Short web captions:
----------------
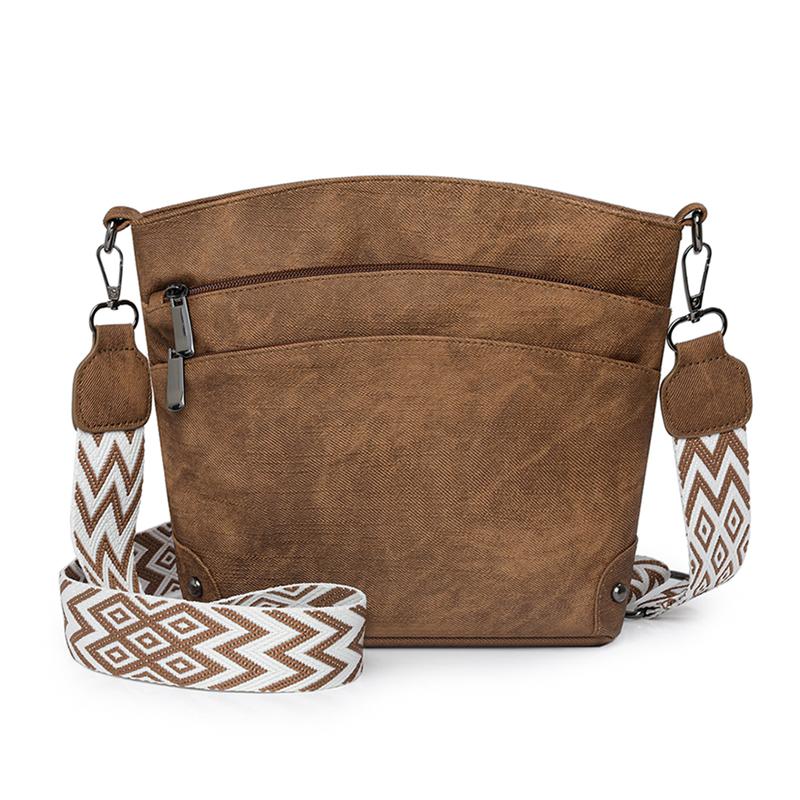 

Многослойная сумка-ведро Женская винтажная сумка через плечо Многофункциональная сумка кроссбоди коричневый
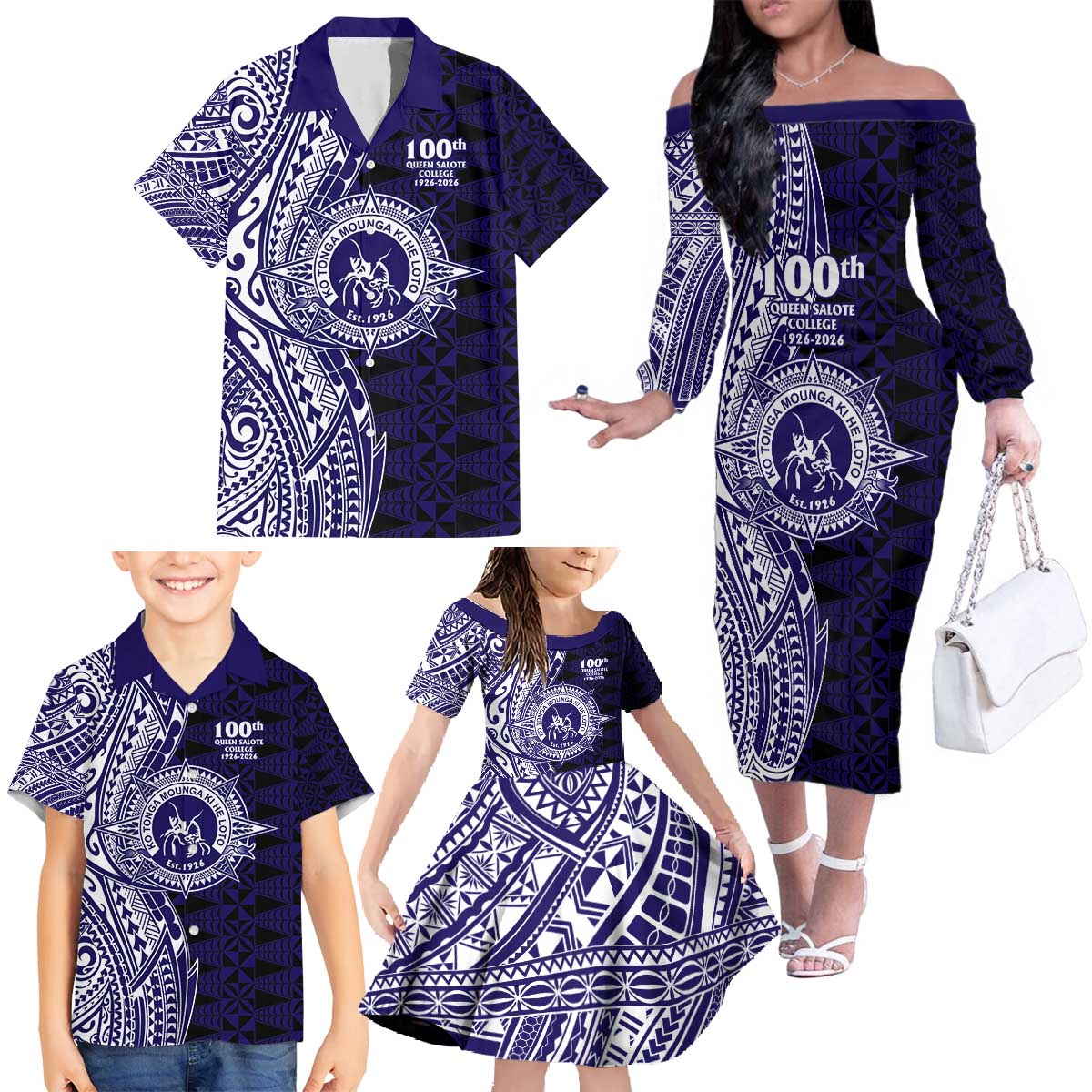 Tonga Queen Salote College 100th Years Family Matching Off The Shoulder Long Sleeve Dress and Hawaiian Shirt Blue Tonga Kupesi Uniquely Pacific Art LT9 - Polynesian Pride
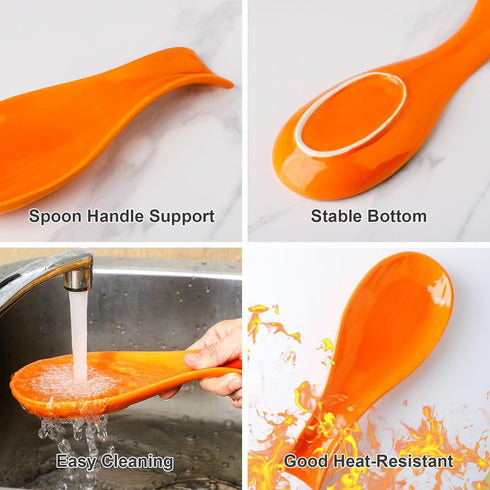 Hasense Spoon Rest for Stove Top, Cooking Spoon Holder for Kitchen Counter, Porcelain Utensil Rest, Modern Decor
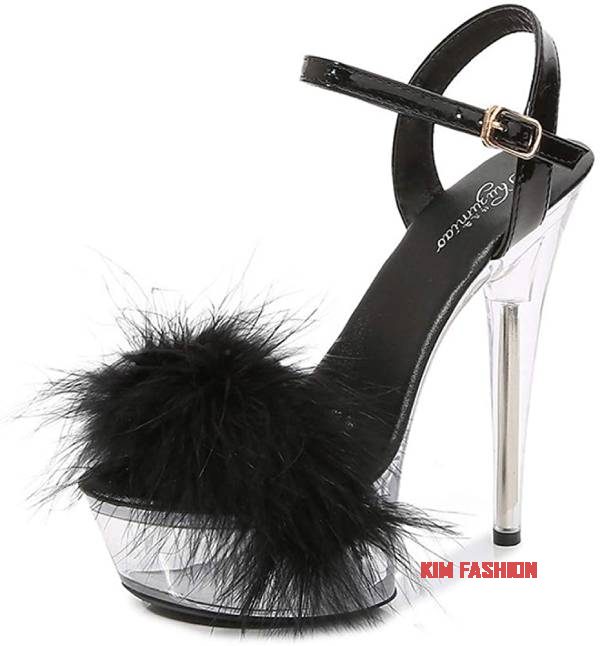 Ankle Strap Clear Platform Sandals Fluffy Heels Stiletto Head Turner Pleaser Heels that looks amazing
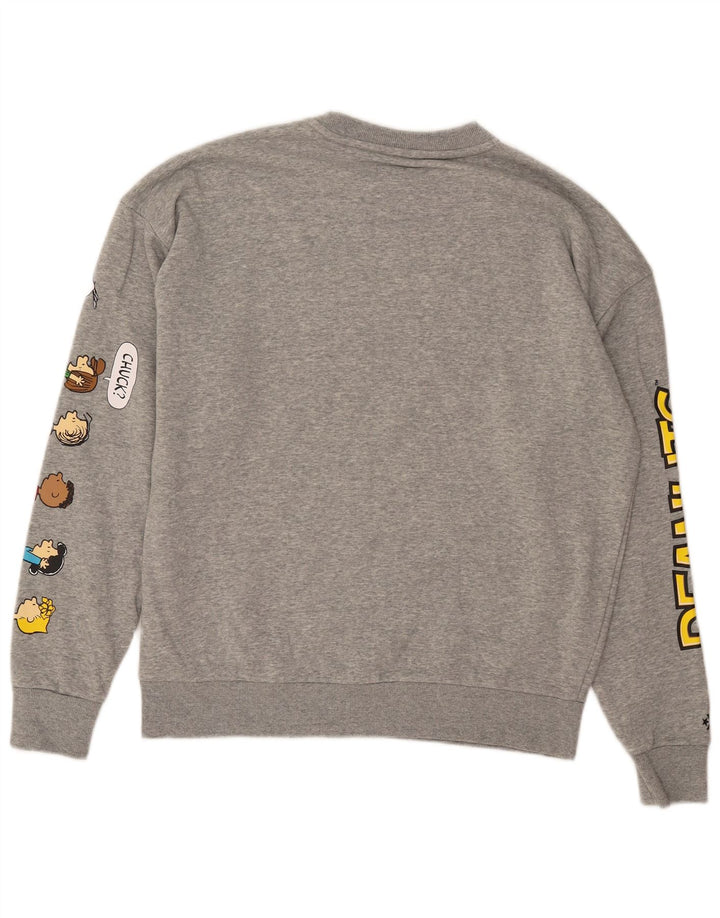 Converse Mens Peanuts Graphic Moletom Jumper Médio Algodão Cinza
----------------
- **Exercise objective**
Output a faithful copy of the data, with each picture left out.

- **Answer to this task**
Многослойная сумка-ведро Женская винтажная сумка через плечо Многофункциональная сумка кроссбоди коричневый
 Tonga Queen Salote College 100th Years Family Matching Off The Shoulder Long Sleeve Dress and Hawaiian Shirt Blue Tonga Kupesi Uniquely Pacific Art LT9 - Polynesian Pride
 Hasense Spoon Rest for Stove Top, Cooking Spoon Holder for Kitchen Counter, Porcelain Utensil Rest, Modern Decor
 Ankle Strap Clear Platform Sandals Fluffy Heels Stiletto Head Turner Pleaser Heels that looks amazing
 Converse Mens Peanuts Graphic Moletom Jumper Médio Algodão Cinza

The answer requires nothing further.